» **WHAT YOU HAVE TO DO**
The answer must consist solely of the lines from the line with "10 tens make" to the final line of the data below, reproduced exactly, pictures omitted.

» **DATA LISTING**
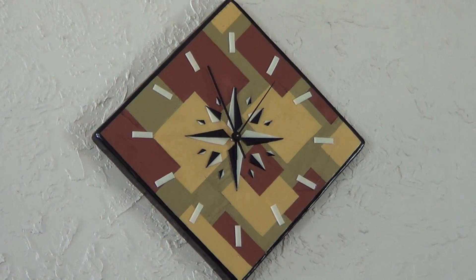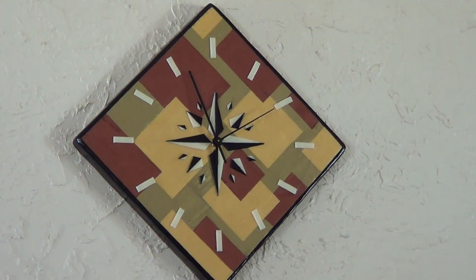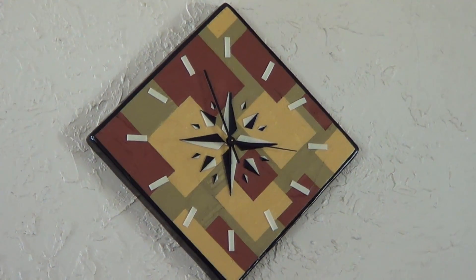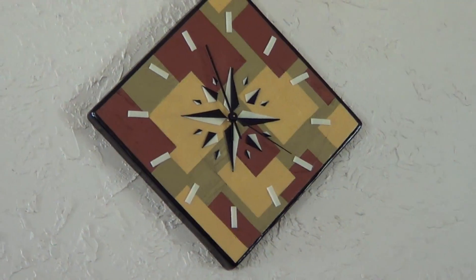Thank you. And this is our new clock — it's up there telling time. I think it still looks really, really good and me and my wife both like it, so it's not like a loss, but it was definitely a learning experience.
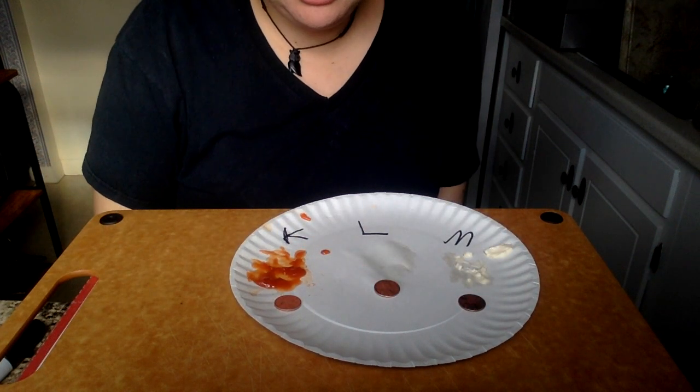So take a look in your kitchen, see what you have, and see how shiny your pennies can get. I hope everyone is staying well, and I'll see you soon. Bye!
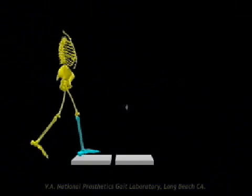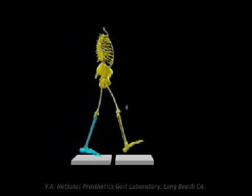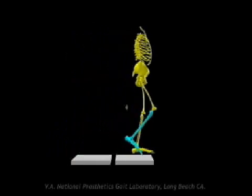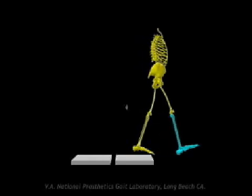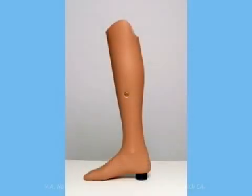To encourage knee flexion after initial contact, dorsiflexion of the foot and 12 to 14 degrees of socket flexion were historically recommended, but that is considered excessive by current standards. Most transtibial prostheses have approximately 5 to 7 degrees of socket flexion.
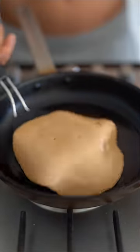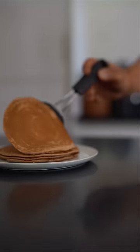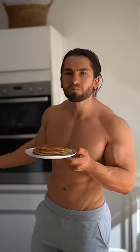Blend it and then fry it on a medium to low heat, and repeat this process until you have a beautiful stack which anyone will be envious of. Then top with your toppings of choice and enjoy those macros.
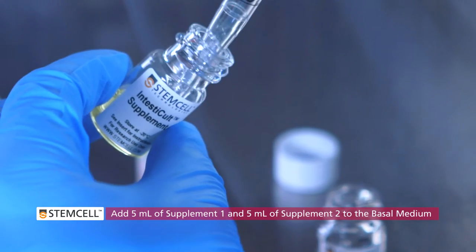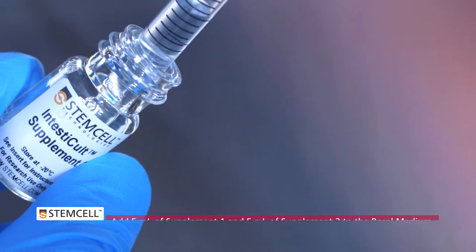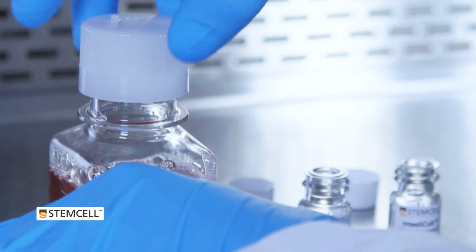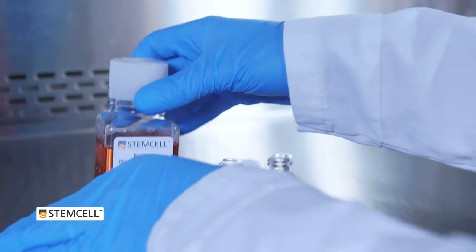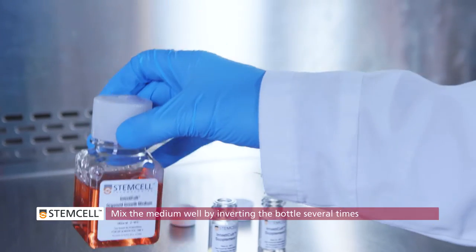To make the complete medium, add 5 mL of Supplement 1 and 5 mL of Supplement 2 to the bottle of Basal Medium. Replace the cap and mix the medium well by inverting the bottle several times. The medium must equilibrate to room temperature before use.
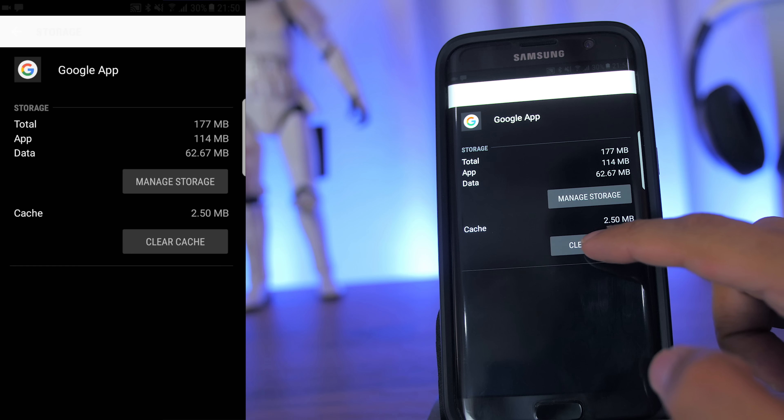After doing so, go back to Home, go to the App menu and Clear All Apps. Now press and hold the Home button and your Google Assistant setup will appear, and you're done.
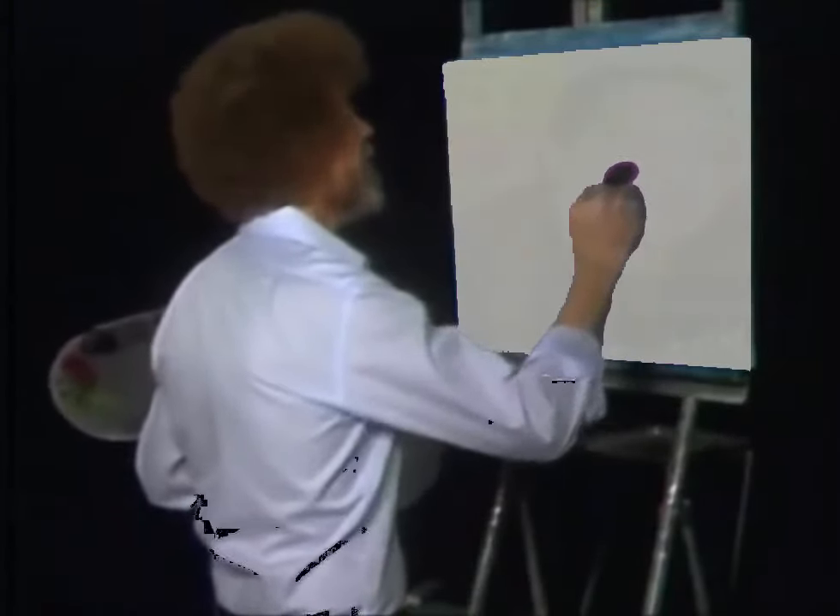Now then, with a large brush, I want to create the illusion of mist. All I'm gonna do here is just tap. Just tap the base. Just tap.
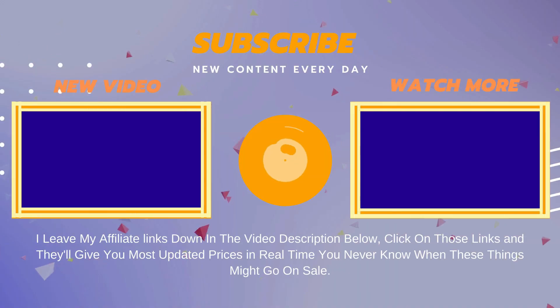I leave my affiliate links down in the video description below. Click on those links and they'll give you the most updated prices in real time. You never know when these things might go on sale. I'll see you next time.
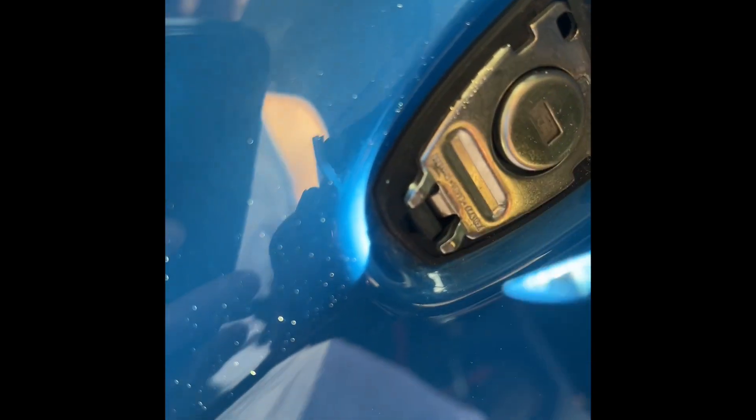Once you're done, you hook this back in from this end first, push it back towards the door handle and it clips into place. Cap's back on, good to go.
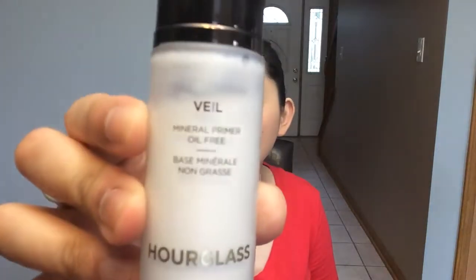Hello, it's Natasha and I want to talk about the Hourglass Veil Mineral Primer, oil-free. This has been my primer for years now. I have tried going to a different route — supposedly newer, better, longer-lasting, cheaper — and I always come back to this. I believe this is my second or third container.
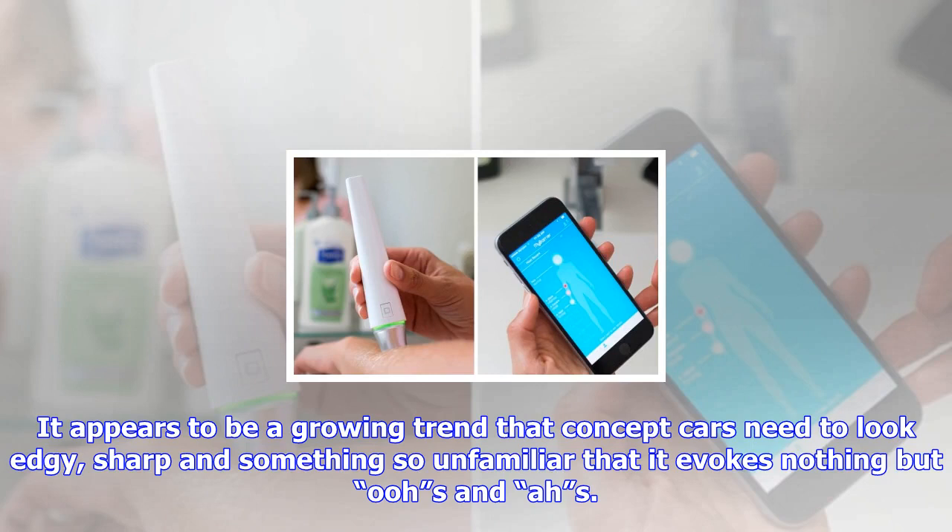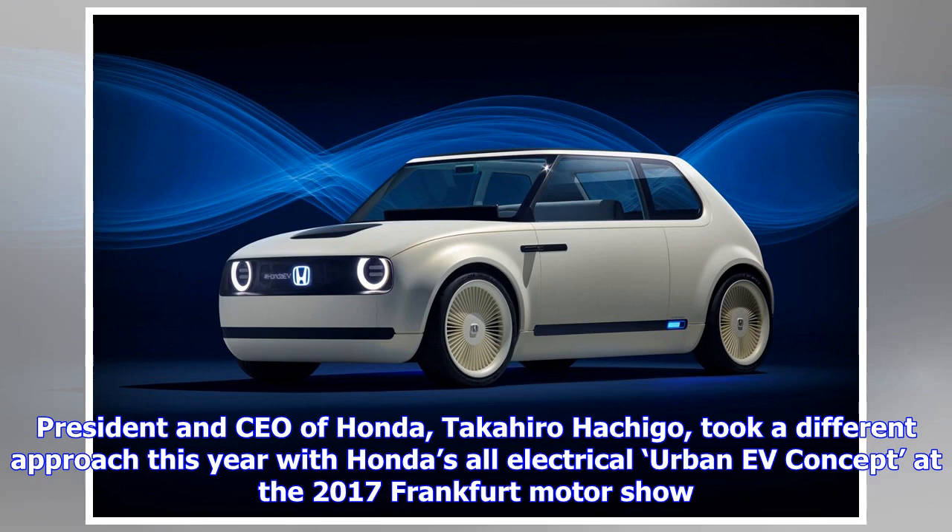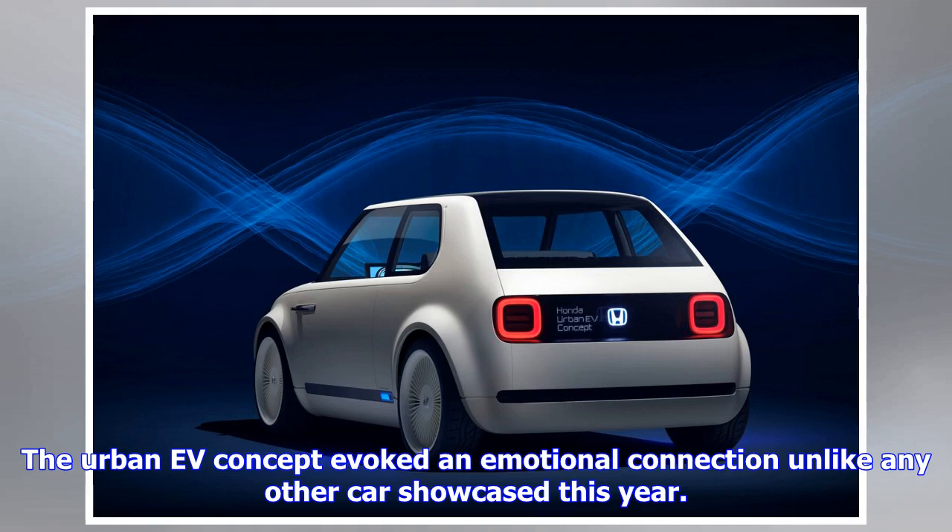The Urban F Concept looks like something conceived in the 80s, with its off-white curvy exterior shape, similar to Honda's earliest models.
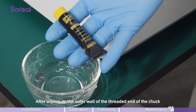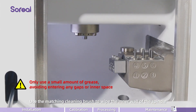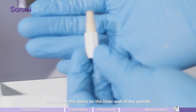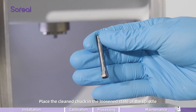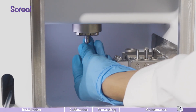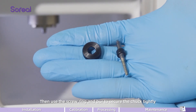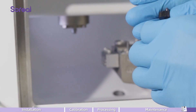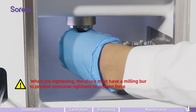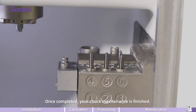After wiping, apply a small amount of compatible lubricating grease to the outer wall of the threaded end of the chuck. Use the matching cleaning brush to wipe the inner wall of the spindle and try to clean any stains on the inner wall. Place the clean chuck in the loosened state of the spindle and gently tighten it clockwise. Then use the screw ring and burr to secure the chuck tightly. When pre-tightening, the chuck must have a milling burr to prevent excessive tightness or uneven force. Once completed, your chuck maintenance is finished.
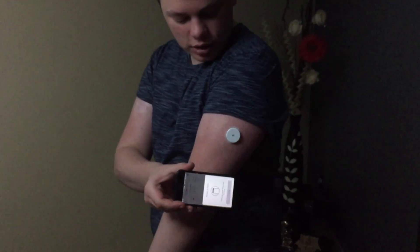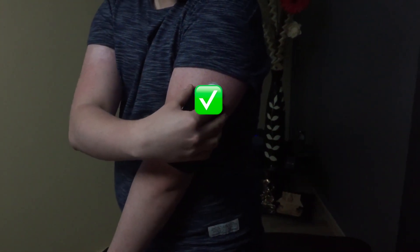One thing to point out about iPhone scanning: it looks fantastic, but the way the NFC antenna is built into the iPhone, it can be tricky at first — though after a couple of days you will get used to it. With the reader, the NFC antenna is built exactly in the middle, so you can just swipe and get your reading. But with the iPhone, the antenna is at the very top, and sometimes you need to angle it as well for it to scan properly. So make sure the very top of the iPhone is touching your Freestyle Libre sensor.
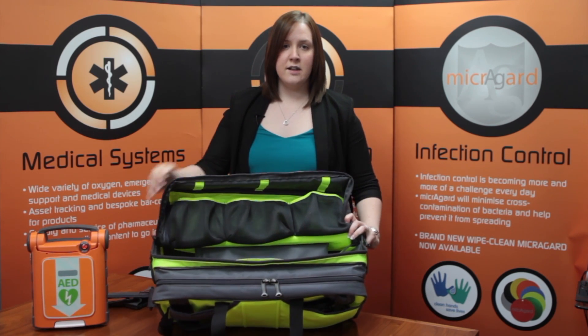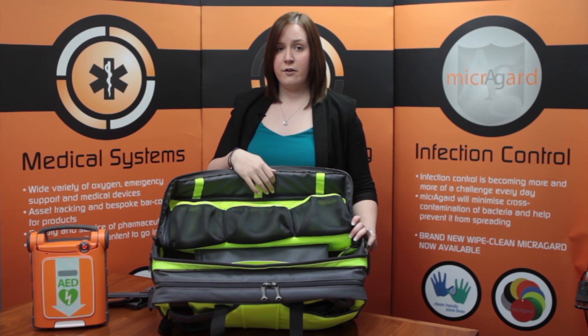In the fold-down section there are three large elasticated pockets, perfectly sized for storing BVMs, and above there are elastic loops for extra storage.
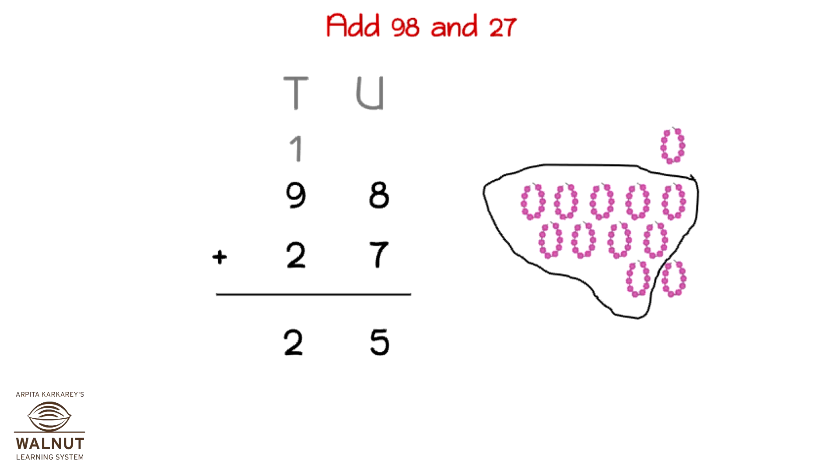10 tens make a hundred. We write that in the hundreds place. We are left with two tens which we write under the line. Since there aren't any other digits to add up to the hundreds, the hundreds number comes down as it is. That gives us the final answer which is 125.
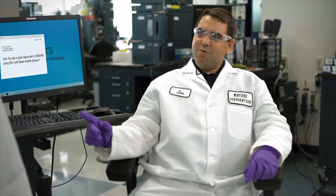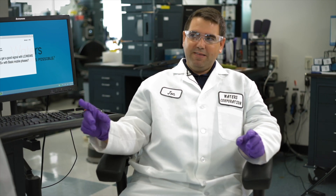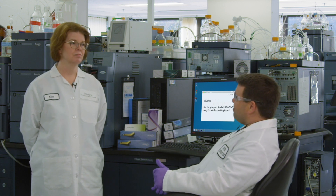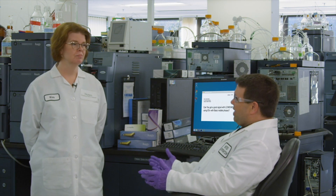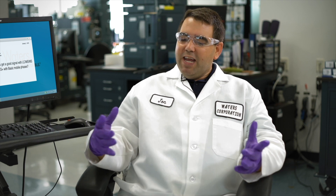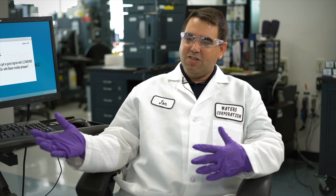Based on the experiments we ran with basic analytes under both acidic and basic mobile phase conditions in electrospray positive mode, it's pretty convincing that you can get a really good signal — if not a better signal — when using a basic additive in your mobile phase. This myth is busted. A lot of people might not screen with the basic additive just because they may not have a column that can handle the alkaline mobile phase, but if you really want to screen your MS sensitivity, you should be screening under both acidic and basic conditions if possible.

» **YOUR SOLUTION**
10 tens make a hundred. We write that in the hundreds place. We are left with two tens which we write under the line. Since there aren't any other digits to add up to the hundreds, the hundreds number comes down as it is. That gives us the final answer which is 125.
Based on the experiments we ran with basic analytes under both acidic and basic mobile phase conditions in electrospray positive mode, it's pretty convincing that you can get a really good signal — if not a better signal — when using a basic additive in your mobile phase. This myth is busted. A lot of people might not screen with the basic additive just because they may not have a column that can handle the alkaline mobile phase, but if you really want to screen your MS sensitivity, you should be screening under both acidic and basic conditions if possible.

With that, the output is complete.